ARCHER 1050 was presented at the 2017 ASCO Annual Meeting and that looked at dacomitinib versus gefitinib and it looked really good. The median PFS with dacomitinib was 16 months compared with 10 months with gefitinib. Among the earlier-generation EGFR TKIs, if it had come out a little earlier, it would be a clear winner. If approved, I would certainly think about using that compared with gefitinib or erlotinib. It is challenging; you do cross-trial comparisons, but when you look at the numbers, osimertinib is better in terms of the median PFS of 19 months.

It is also better tolerated. As second-generation EGFR TKIs, afatinib and dacomitinib have more EGFR wild-type effects, so you are going to see more diarrhea and mucositis. That is a consideration, too.
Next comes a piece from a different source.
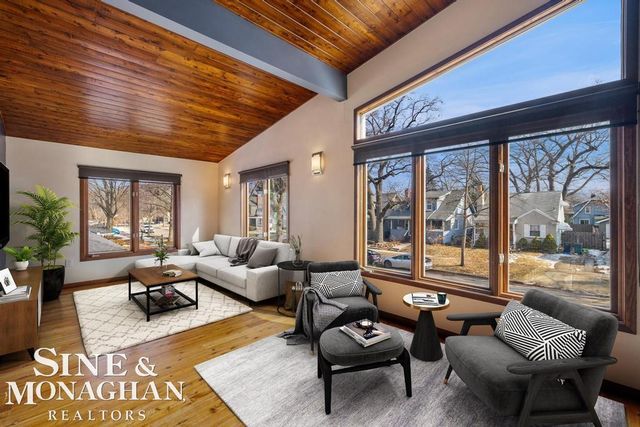 827 Forestdale Road, Royal Oak, MI 48067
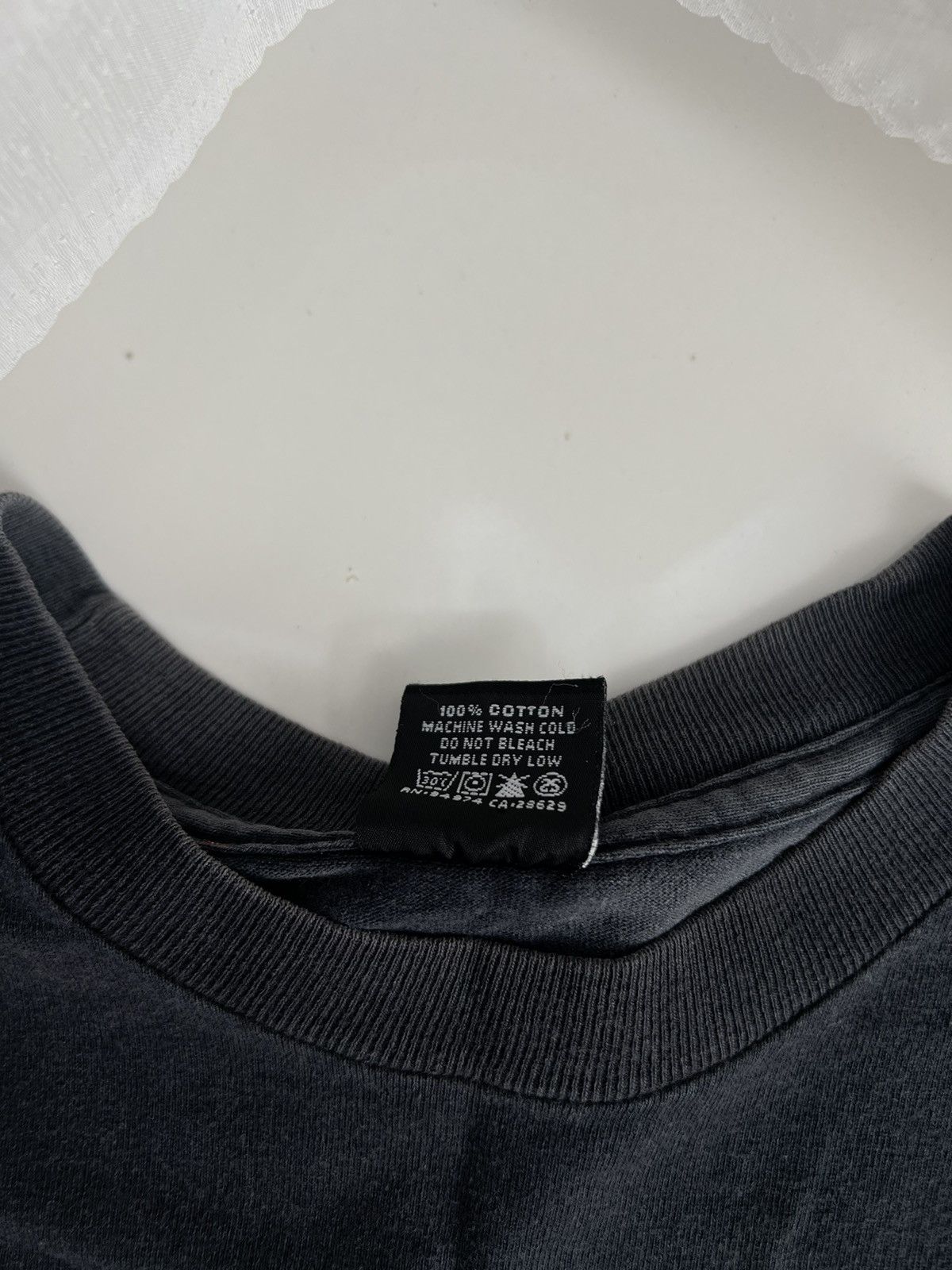 Stussy 90’s STUSSY SPELLOUT Y2K RARE TEE BIG LOGO Size US M / EU 48-50 / 2 - 5 Thumbnail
It is challenging to say definitively what I would do because of that lack of head-to-head comparison. 

Is there anything else you would like to emphasize in this space?
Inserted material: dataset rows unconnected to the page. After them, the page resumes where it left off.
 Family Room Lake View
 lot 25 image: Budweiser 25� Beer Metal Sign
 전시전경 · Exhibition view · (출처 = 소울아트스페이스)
The key moving forward is understanding the mechanisms of resistance to osimertinib. It will be challenging with erlotinib, gefitinib, and afatinib; two-thirds of patients had T790M, so it was sort of an easy next step—find a T790M inhibitor, develop that, and give that to patients.

However, with osimertinib, it will definitely be more personalized treatment. Anecdotally, I have seen different acquired mutations, different protein amplification, and it’s more of a piecemeal thing where you have to personalize treatment for your patient. What [are we finding] that was acquired and how can we target that? That will be a real challenge for clinical trials because it will be harder to collectively be able to test these rarer combinations, but it’s important to do.

References

  1. Ramalingam S, Reungwetwattana T, Chewaskulyong B, et al. Osimertinib vs standard of care (SoC) EGFR-TKI as first-line therapy in patients (pts) with EGFRm advanced NSCLC: FLAURA. In: Proceedings from the 2017 ESMO Congress; Madrid, Spain; September 9-12, 2017. Abstract LBA2_PR.
  2. Devjak R, Turnsek Hitij N, Mohorcic K, Rajer M, Cufer T. CNS response to osimertinib in patients with EGFR mutated lung adenocarcinoma: Real world data. In: Proceedings from the 2018 European Lung Cancer Congress; April 11-14, 2018; Geneva, Switzerland. Abstract 154P.
  3. Mok T, Cheng Y, Zhou X, et al. Dacomitinib versus gefitinib for the first-line treatment of advanced EGFR mutation positive non-small cell lung cancer (ARCHER 1050): a randomized, open-label phase 3 trial. J Clin Oncol. 2017;35(suppl; abstr LBA9007).